This article needs additional citations for verification .(May 2022) |
Second Battle of Cawnpore | |||||||
---|---|---|---|---|---|---|---|
Part of Indian Mutiny of 1857 | |||||||
| |||||||
Belligerents | |||||||
United Kingdom East India Company | Sepoy mutineers | ||||||
Commanders and leaders | |||||||
Sir Colin Campbell | Tatya Tope Rao Sahib | ||||||
Strength | |||||||
10,000 men 65 guns | 14,000 men 40 guns | ||||||
Casualties and losses | |||||||
99 killed and wounded | Unknown; but heavy 32 guns captured |
The Second Battle of Cawnpore was a battle of Indian Rebellion of 1857 that was decisive by thwarting the rebels' last chance to regain the initiative and to recapture the cities of Cawnpore (now Kanpur) and Lucknow.
During the 1857 uprising against the East India Company, Kanpur (then spelled Cawnpore) had fallen to the rebel leader Nana Sahib. The Company forces led by Major General Henry Havelock recaptured the town on 17 July 1857. Soon after he arrived at Cawnpore, Havelock received news that Henry Lawrence, the British Resident in Awadh (referred to at the time as Oudh) had died, and that the Company forces were besieged and facing a defeat at Lucknow. Havelock decided to attempt to relieve Lucknow. He fought against the rebel forces blocking his way, winning victories at Unnao (or Unao) and Bashiratganj (or Bashiratgunj), though at a high cost in casualties. However, he was soon informed that the Gwalior army had also rebelled against Company rule. Havelock realized that his forces were not strong enough to fight their way to Lucknow, and returned to Cawnpore on 13 August to await reinforcements. [1]

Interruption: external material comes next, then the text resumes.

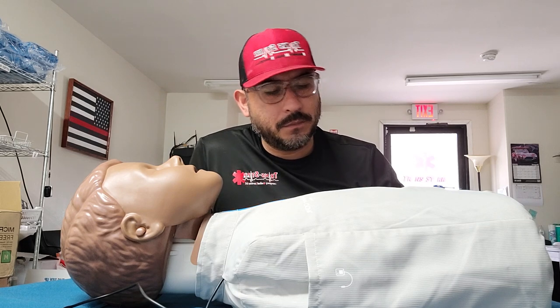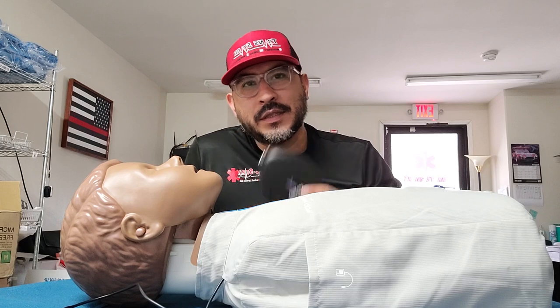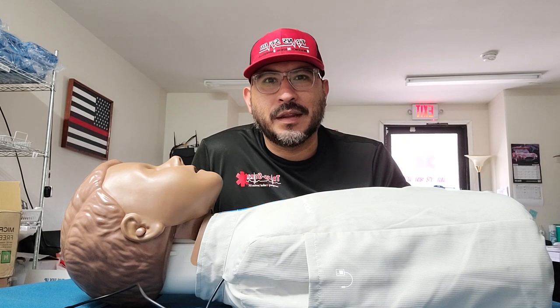Today we're going to talk about this pocket mask that I bought at Amazon, and we're also going to talk about these — they're called practice shields. These are for CPR whenever you're going to give a breath to the person that you're rescuing, the victim, the patient. You might want to use one of these so there's an actual barrier between you and the patient, so they're not going to be passing any virus, respiratory infection, or anything like that.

Once reinforced, the British forces began constructing a bridge over the Ganges River, but the rebel soldiers attacked the bridge from the northern bank. Havelock sent Brasyer's Sikhs regiment to cover the construction. The Sikh regiment forced the rebel soldiers to retreat, and the bridge was completed without further interference.
The reinforced British army under Havelock and Lieutenant General Sir James Outram then set out for Lucknow. They were able to enter the city, but became besieged themselves.

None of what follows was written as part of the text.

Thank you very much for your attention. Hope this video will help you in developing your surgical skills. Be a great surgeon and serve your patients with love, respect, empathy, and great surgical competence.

Another, larger, force under General Colin Campbell, the new Commander-in-Chief, India, gathered in Cawnpore to make a second relief of Lucknow. While he led his main force to Lucknow, Campbell left a detachment of about 1,500 men under Brigadier Charles Ash Windham to hold Cawnpore, the vital bridge of boats across the Ganges, and the entrenchment constructed to protect it. Windham had a reputation for bravery gained in the Crimean War, and was nicknamed "Redan" Windham, after a Russian fortification at Sevastopol. However, Campbell left Windham with very precise instructions which appeared to deprive him of any opportunity to exercise his own initiative. [2]

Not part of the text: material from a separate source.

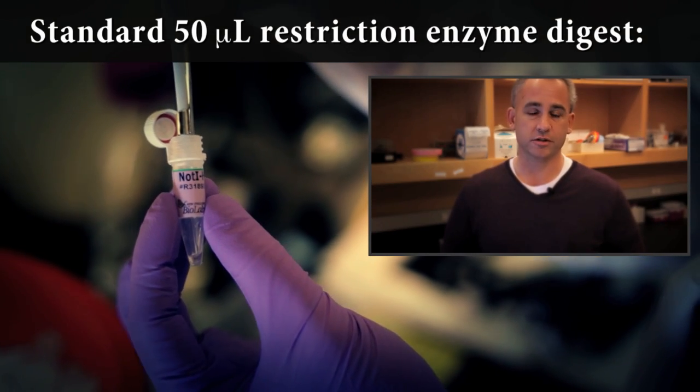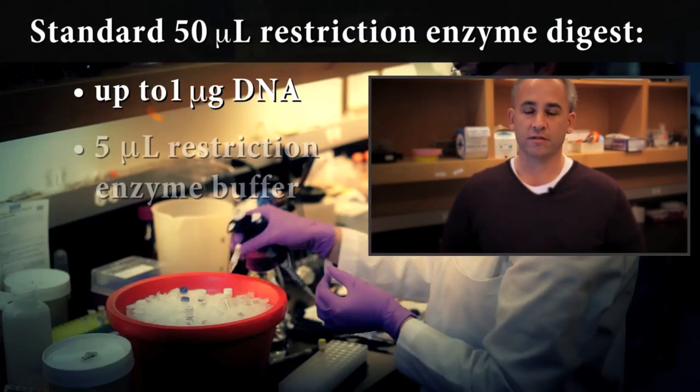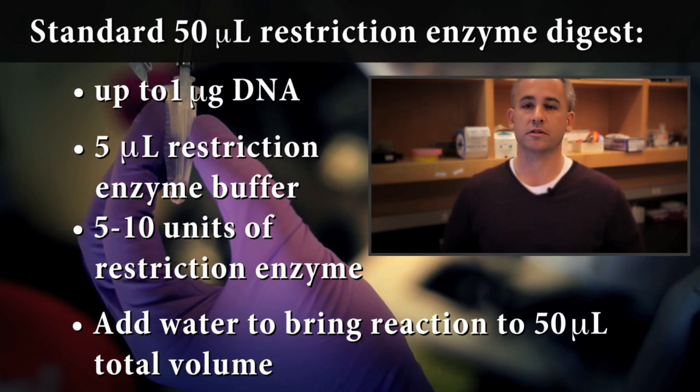A standard reaction is 50 microliters. It calls for 1 microgram of your target DNA, 5 microliters of the restriction buffer, 5 to 10 units of enzyme, and then supplementing the rest of the 50 microliters with distilled water.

Meanwhile, the Nana Sahib's lieutenant, Tantya Tope, had gathered an army to recapture Cawnpore. The core of this army was the Gwalior Contingent. This was a body of troops in the service of the ruler of Gwalior, but which was recruited and organised on the same lines as the Bengal Presidency Army of the East India Company. The Gwalior Contingent had mutinied against their British officers in June and July. They had since remained undecided as to their next course of action until Tantya Tope took charge of them, and led them to Kalpi on the Jumna River on 10 November. Tantya Tope left a garrison of 3,000 men and 20 guns in Kalpi, while he himself crossed the river with 6,000 men and 18 guns [2] and moved east on Cawnpore.
By 19 November, Tantya Tope's advance guard dominated all the routes west and north-west of Cawnpore, and had cut off all supplies to the city. Windham was aware on 20 November that Campbell had gained success at Lucknow, but on 22 November he also had an erroneous report that a rebel force had captured a bridge over Bani River, which lay on Campbell's line of withdrawal from Lucknow, and sent a small force including two guns to recover it. [3] By 24 November, without communications with Campbell, he nevertheless decided to ignore Campbell's instructions and attack Tantya Tope before he could threaten the entrenchment.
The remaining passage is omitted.